Habits are hard to break because they are hard wired, well practised actions, that often bring about some sort of pleasure, which then releases chemicals in the brain, which makes you want to do it again. This is how addictions work – its chemical!


Do you know what your most damaging habits are? Could combating these bring about the biggest wins for you on your new healthy lifestyle journey?

  • Eating slices of bread and butter, or cheese, whilst making meals, because you are hungry.
  • Eating half a packet of chocolate digestives when you have a hot drink.
  • Automatically having a garlic bread on the table when you have a pasta dish.
  • Automatically reaching for a pudding once your evening meal is finished.
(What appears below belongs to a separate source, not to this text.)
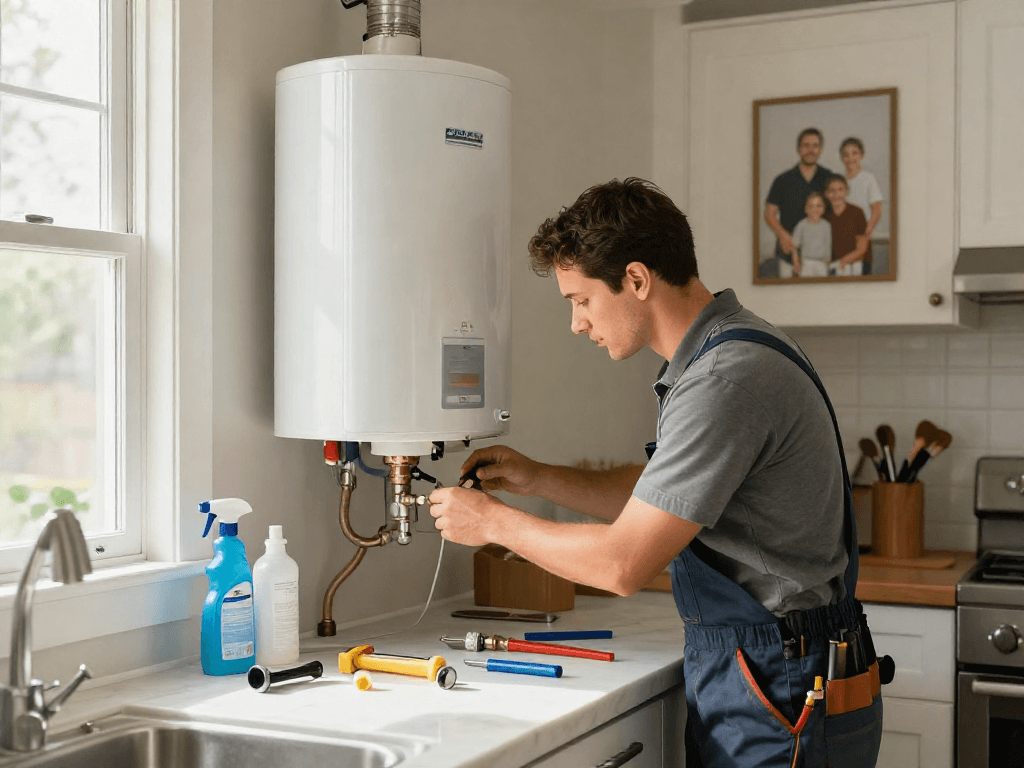 Experienced plumber Fort Worth repairing water heater in sunny kitchen.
In order to break bad habits, Psychologists say that you need to actually identify those bad habits that you want to change – you will need to define that behaviour very specifically so that you can start to break down what is going on psychologically.  So, you need to have a really good look at what you do, and decide if this is something that is damaging and worth having a go at stopping.

Habit strategies

There are lots of things that we can do to help us break our old bad habits and form new ones.  Having done some research there are some psychological models that we can use to help us understand how habits are formed, and also how they are broken. And if we understand this then we can start to use different strategies to help form and break habits.

Cold turkey!

Some people are able to break habits by just deciding they are no longer going to do it! They no longer identify themselves as a person that does that. These are the ‘all or nothing people’, they are either doing something or they are not. We all know people like this, people who can just stop smoking or drinking, by going cold turkey. The reason this works for them is that they change their belief in who they are. They go from being a drinker, to a non-drinker, not a ‘drinker who is trying to cut down’. Psychologists recommend trying to frame up your thoughts and words differently if you are trying the cold turkey method.  Instead of saying ‘I can’t eat that’ or ‘I can’t do that’, use ‘I don’t eat that’ or ‘I don’t do that’. ‘I don’t’ is a much more positive phrase that fills you with confidence that you are in charge of your own destiny, rather than something beyond your control is putting a restriction on you.

Replacement strategies!

Some others are ‘replacers’.  They have to replace their bad habit with something else. This is a technique we often suggest, if people have compulsions to eat, particularly in the evening. We recommend replacing that activity by keeping yourself busy and taking up a new hobby, which will take your mind off your bad habit and keep you focussed on something that is a healthier new habit.

Small steps!

Slowly works for many but you have to be a patient person to do it this way. Small steps each time to gradually eradicate, or reduce, those habits that are stopping you from being successful. Some people might have such ingrained habits that they have to do it very gradually, unlearning old behaviours and practising new ones.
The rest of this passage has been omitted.